In the 2021 Accelerate State of DevOps report, Google Cloud’s DevOps Research and Assessment (DORA) reported that teams who excel at modern operational practices are 1.4 times more likely to report greater software delivery and operational performance, and 1.8 times more likely to report better business outcomes.

Here are four ways to improve efficiency as part of your observability practice.   

1. Collect all telemetry in one place 

The four essential data types for observability telemetry are metrics, events, logs, and traces (MELT). You can read more about these in MELT 101. An observability platform gives you all of that telemetry data in one place. Service characterization ensures you have the right instrumentation to get the data to meet your observability objectives—service level agreements (SLA), monitoring customer experience, tracking compliance, and others. Teams can then take this data to quickly resolve issues and proactively identify ways to optimize performance. 

Get started: Instrument your entire stack with out-of-the-box integrations and quickstarts from New Relic.

2. Get everyone speaking the same language    

When it comes to observability, common language starts with naming conventions. This gives operations staff a common language to use with developers during incidents, reducing the time to triage, and addressing problems before they impact customers.

Get started: Establish a naming convention for your applications and use labels to help you search and filter tasks. You can use a naming convention such as: <environment>-<appname>-<language> to make it easier to spot patterns in your data. You can also use labels and categories to help organize your telemetry. 

3. Reduce the toil by making observability automatic     

Use automation as much as possible. Automating instrumentation is the first step. Control and configure your observability platform to prevent delay between data acquisition and realizing the value of that data. Called observability-as-code, automation lets you easily repeat, scale, and update observability resources. 

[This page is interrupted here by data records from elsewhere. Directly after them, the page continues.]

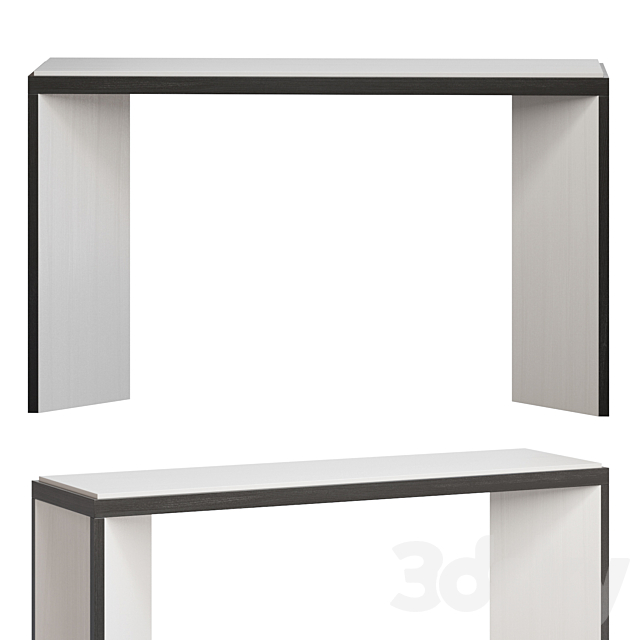 3d
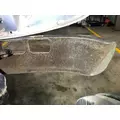 International 4900 Bumper Assembly, Front thumbnail 4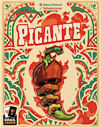 Picante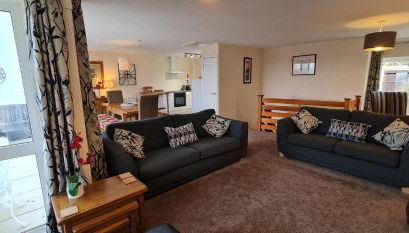 Tamar Villa 6 - Photo 2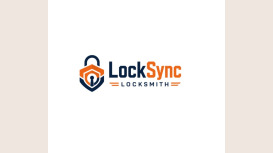 LockSync Locksmith Sandy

Get started: Use a provisioning tool such as Terraform to make packaged sets of resources—such as dashboards, alerts, and workloads—easily shared and deployed. 

4. Reign in tool sprawl   

With everything in one place, you’ll operate more efficiently. You’ll also reduce the operational burden, complexity, and cost of maintaining other tools and systems. Built-in integrations for open source tools in your observability platform make it easy to have a single source of truth. Some ways to reign in tool sprawl include:  

  • Critically analyzing existing toolsets and use cases they support.
  • Strategically combining relevant data into your observability platform.
  • Removing tool and technology redundancies.

Get started: Plan, prepare, and execute a tool consolidation strategy, including alert standardization to consolidate your data.